**Data segment:**

═══

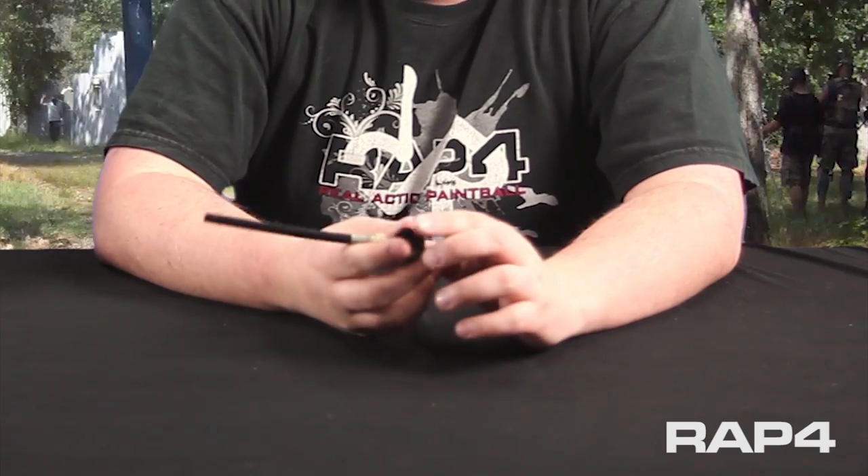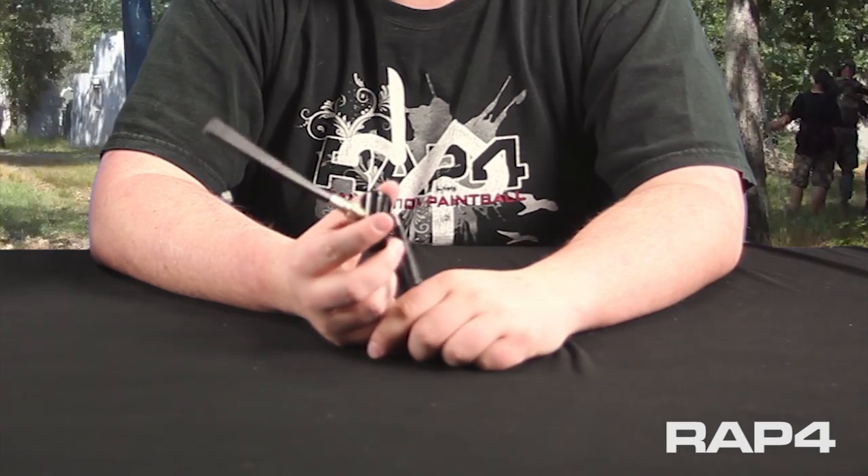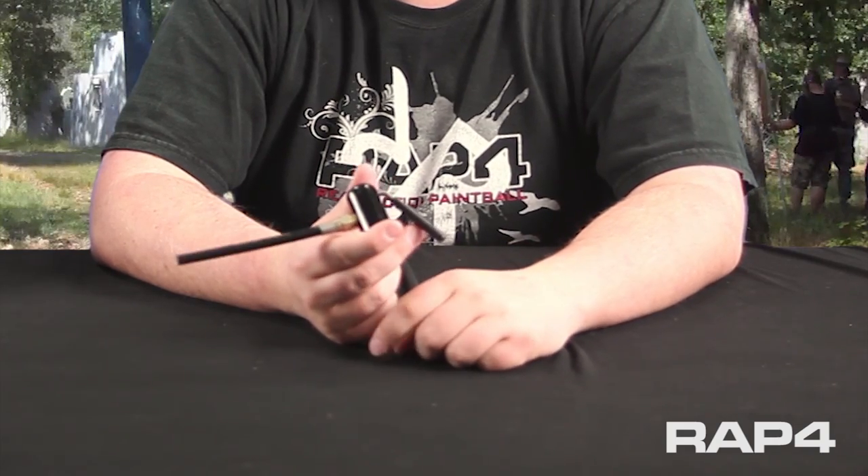Hi guys, Jason from RAP4. I'm going to go over a new product with you guys. It is our duster. Basically, this is a tool used for cleaning off your gear, your marker right when you get off the field and get rid of some of that dust, get some of that grime out of the cracks.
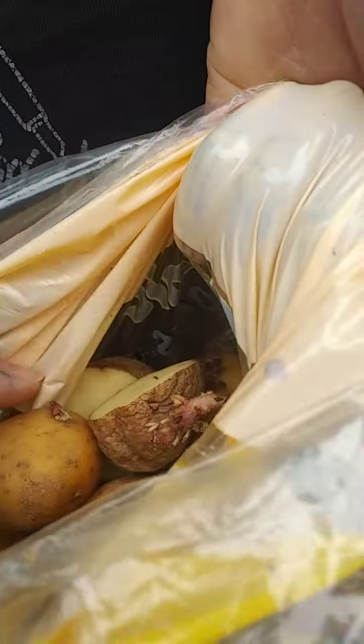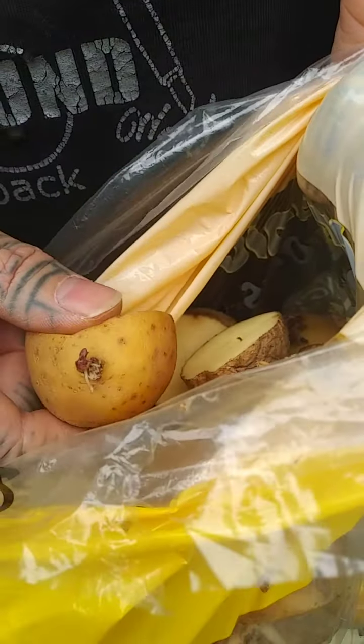We're doing some potato gardening. We got some potatoes — they have little eyes on them, all the better to see you with. We just cut up the potatoes so that each section has an eye on it; this way we can get a better yield. We had about 18 potatoes in total.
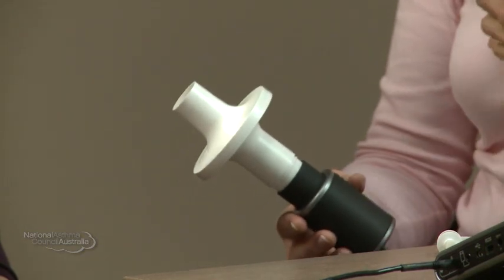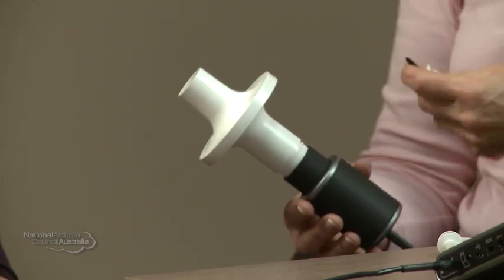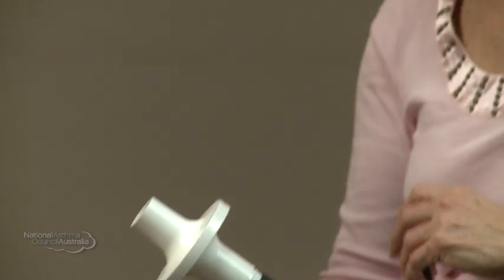I'll ask you to have a really big breath in, pop the mouthpiece in, and then blow out with all your might as hard and fast as you possibly can for as long as you can. Then I'll ask you, still with the mouthpiece, to have a big breath in. I have criteria that I have to meet to ensure that we're going to get accurate results. We'll need to do at least three blows, and as long as I've got two blows that are repeatable or consistent with each other, we'll be able to accept those results.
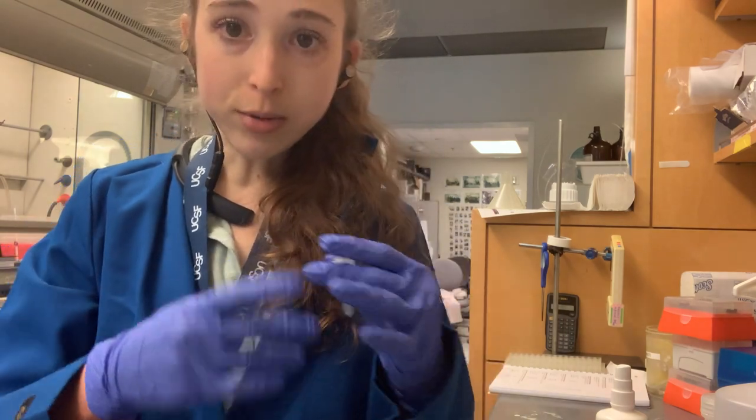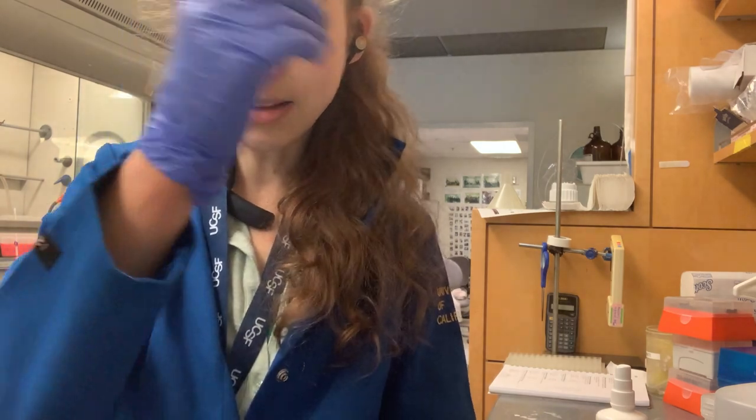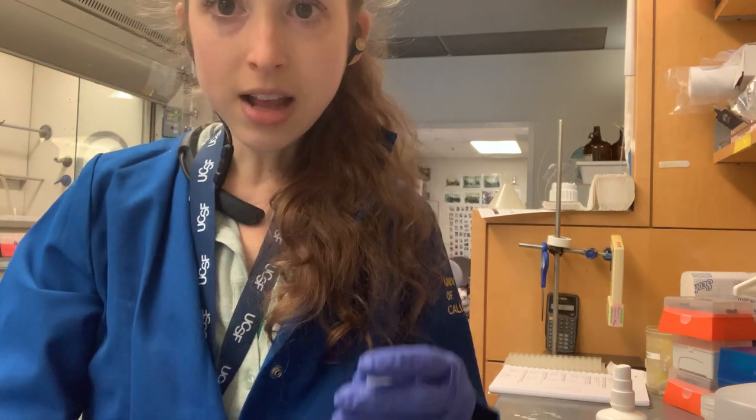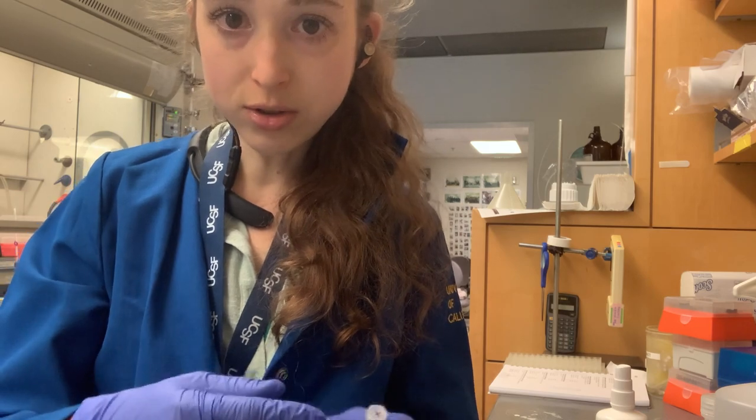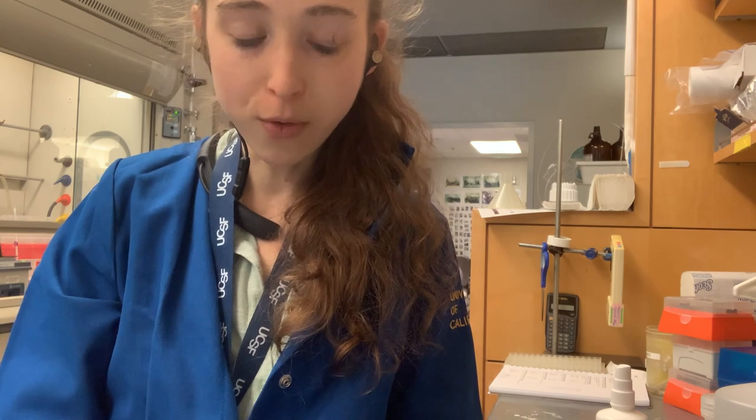It's nice if you can label your tubes and then stick them in the ice, pre-cool them a little, and then put your sample in. Another thing is that when you're trying to label tubes that are already on ice, they get cold and you have that whole condensation problem.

═══

**What to produce:**
Repeat the data exactly as given. Keep every picture out of the copy.

**Task response:**
Hi guys, Jason from RAP4. I'm going to go over a new product with you guys. It is our duster. Basically, this is a tool used for cleaning off your gear, your marker right when you get off the field and get rid of some of that dust, get some of that grime out of the cracks.
We're doing some potato gardening. We got some potatoes — they have little eyes on them, all the better to see you with. We just cut up the potatoes so that each section has an eye on it; this way we can get a better yield. We had about 18 potatoes in total.
I'll ask you to have a really big breath in, pop the mouthpiece in, and then blow out with all your might as hard and fast as you possibly can for as long as you can. Then I'll ask you, still with the mouthpiece, to have a big breath in. I have criteria that I have to meet to ensure that we're going to get accurate results. We'll need to do at least three blows, and as long as I've got two blows that are repeatable or consistent with each other, we'll be able to accept those results.
It's nice if you can label your tubes and then stick them in the ice, pre-cool them a little, and then put your sample in. Another thing is that when you're trying to label tubes that are already on ice, they get cold and you have that whole condensation problem.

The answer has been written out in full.